To have had a houseguest poisoned under his roof, or even a houseguest's slave, is thinkable to him. So it simply never happened, you see.
Lucius will never, ever admit otherwise."
"But such a thing did happen?"
She stepped to a small table covered with a number of identical clay figurines. They were about the size of a child's fist and brightly painted. She picked one of them up and idly turned it over in her hand. "Who sent you here asking questions?"
"As I told your husband, a friend of Dio's."
She snorted.
"Never mind. I can guess who sent you."
"Can you?"
"Clodia. Am I right? Don't bother to answer. I can read your face as easily as I can read Lucius's."
"How could you possibly guess who hired me?"

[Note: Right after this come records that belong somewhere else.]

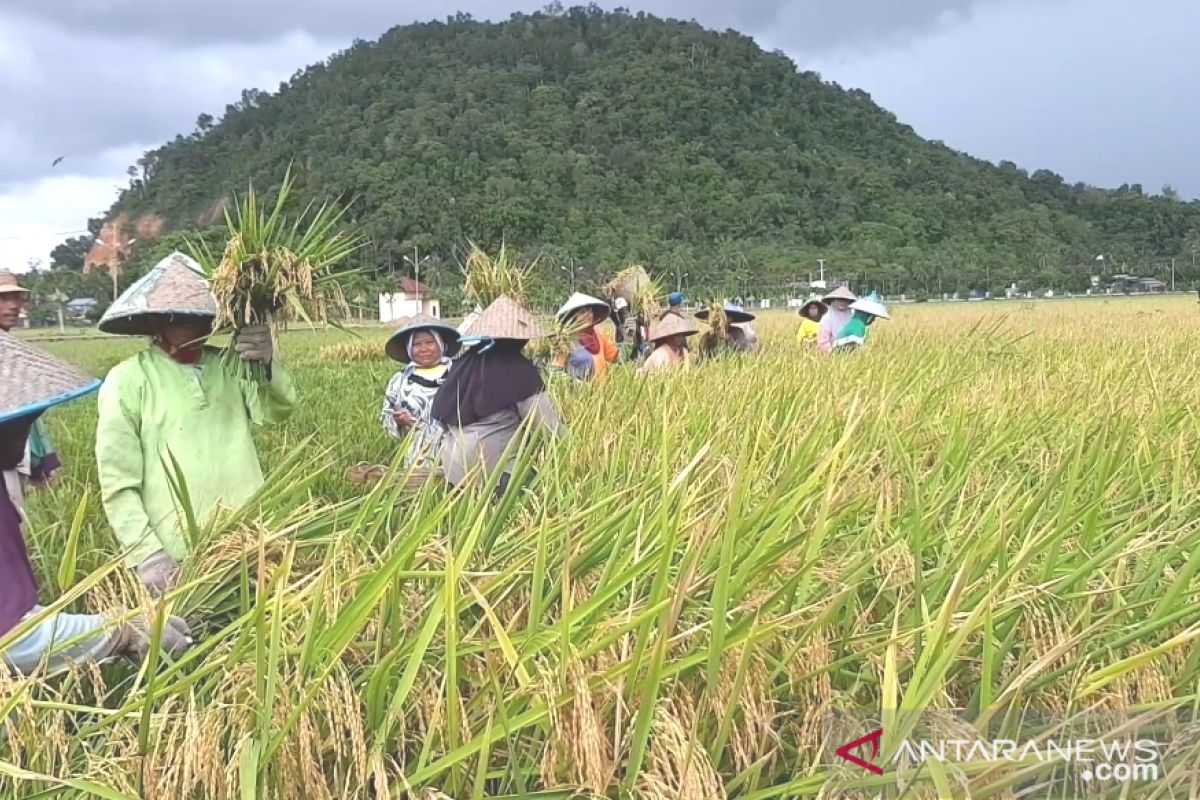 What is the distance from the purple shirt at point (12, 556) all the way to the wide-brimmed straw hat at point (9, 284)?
2395 millimetres

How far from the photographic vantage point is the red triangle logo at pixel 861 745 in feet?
4.20

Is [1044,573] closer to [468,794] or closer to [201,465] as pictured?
[468,794]

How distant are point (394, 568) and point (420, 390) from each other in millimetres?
3181

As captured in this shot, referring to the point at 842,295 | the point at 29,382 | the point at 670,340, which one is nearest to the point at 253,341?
the point at 29,382

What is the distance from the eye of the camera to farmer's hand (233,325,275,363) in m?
2.31

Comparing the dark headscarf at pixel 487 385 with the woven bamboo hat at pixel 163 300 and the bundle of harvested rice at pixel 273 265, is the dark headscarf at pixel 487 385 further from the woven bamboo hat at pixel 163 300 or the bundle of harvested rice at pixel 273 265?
the woven bamboo hat at pixel 163 300

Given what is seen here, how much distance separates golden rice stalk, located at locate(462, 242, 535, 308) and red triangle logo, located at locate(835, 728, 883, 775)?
111 inches

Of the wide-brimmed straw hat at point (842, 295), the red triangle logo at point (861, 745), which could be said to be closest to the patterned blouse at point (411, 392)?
the red triangle logo at point (861, 745)

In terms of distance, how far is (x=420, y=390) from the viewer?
4469 mm

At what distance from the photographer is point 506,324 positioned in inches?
129

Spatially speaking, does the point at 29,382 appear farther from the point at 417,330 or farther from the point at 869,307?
the point at 869,307

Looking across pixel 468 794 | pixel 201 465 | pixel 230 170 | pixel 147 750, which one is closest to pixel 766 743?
pixel 468 794

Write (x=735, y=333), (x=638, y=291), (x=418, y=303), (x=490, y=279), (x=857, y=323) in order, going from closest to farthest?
(x=490, y=279) < (x=418, y=303) < (x=857, y=323) < (x=735, y=333) < (x=638, y=291)

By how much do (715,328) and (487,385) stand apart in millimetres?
4316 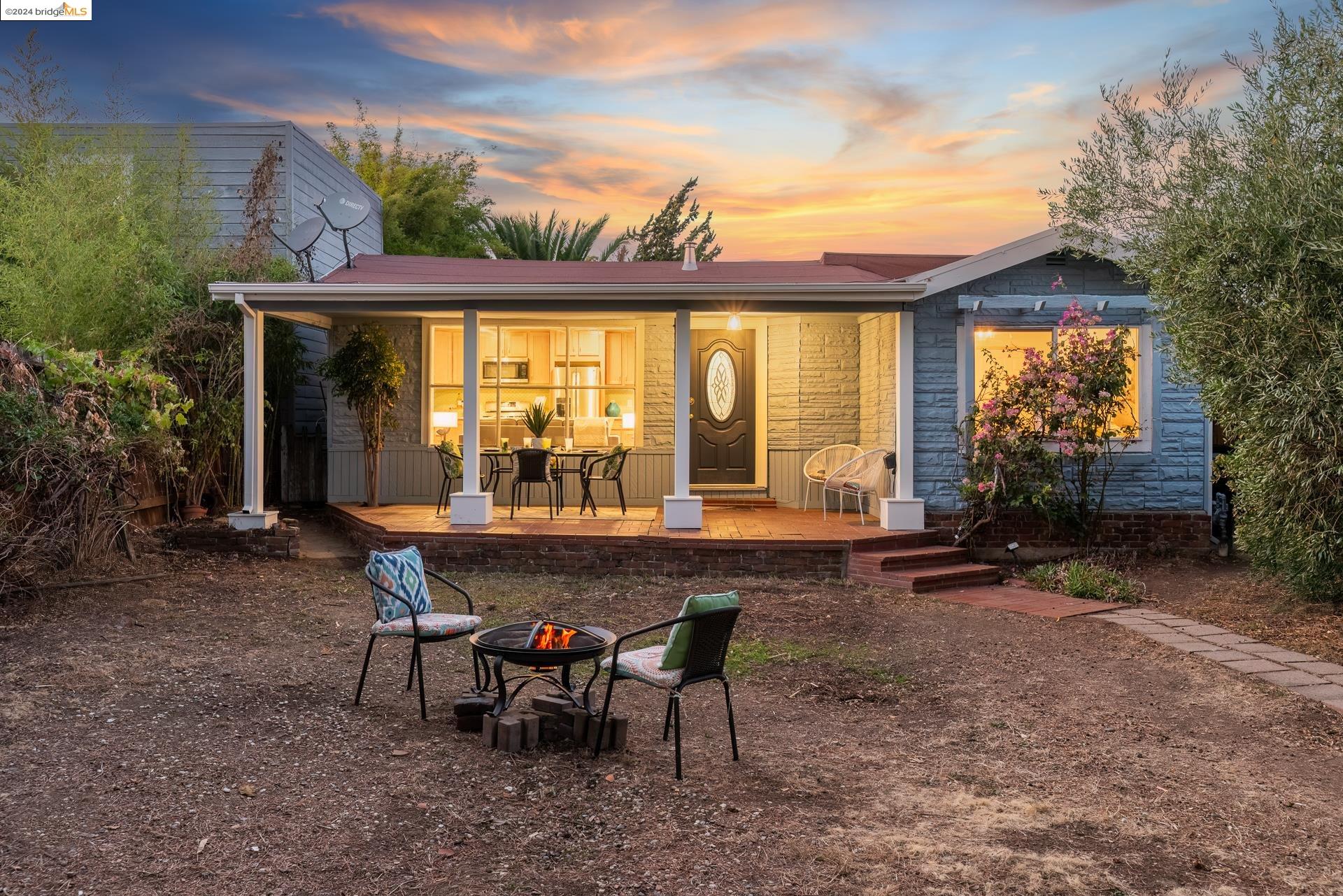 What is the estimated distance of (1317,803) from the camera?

She shrugged and twirled the little clay figurine between her fore-finger and thumb. It was a votive statue of Attis, the eunuch consort of the Great Mother, Cybele, standing with his hands on his plump belly and wearing his red Phrygian cap with its rounded, forward-sloping peak. "We have ways of sharing what we know."
'We'?"
"We women."
I felt a prickling sensation in my spine, a sense of having had the same conversation before-with Bethesda, when she told me that Clodia and Caelius were no longer lovers, and I asked her how she could possibly know such a thing: We have ways of sharing what we know. For an instant I had a glimmer of insight, as if a door had been opened just enough to let me catch a glimpse of an unfamiliar room. Then she started to talk again and the door was shut.
"There's no doubt that Dio's slave was poisoned. You should have seen the poor wretch. If Lucius had kept his eyes open instead of looking away when the man was dying, he might have a harder time making that glib pronouncement about 'natural causes.' But then Lucius has always been squeamish. He can write his little accounts of women being spitted on stakes and children being chopped into pieces at the fall of Carthage, but he can't stomach watching a slave throw up."
"Was that one of the symptoms?"
"Yes. The man turned as white as marble and went into convulsions."
"But if the slave was poisoned by tasting food intended for Dio, how did the poison get into the food?"
"It was put there by some of the kitchen slaves, of course. I think I know which ones."
"Yes?"
"Juba and Laco. Those two fellows were always up to something. Too smart for their own good. Had fantasies of buying their freedom some day. Juba must have sneaked out of the house that afternoon, because I caught him sneaking back in, and when I questioned him he tried to get out of it by playing stupid and spouting a lot of double-talk, the way slaves do. He said he'd gone to the market to fetch something, I don't remember what, and even held up a little bag to show me. What nerve! It was probably the poison. Later I caught him whispering to Laco in the kitchen and I wondered what they were up to. They're the ones who prepared the dish that killed Dio's slave."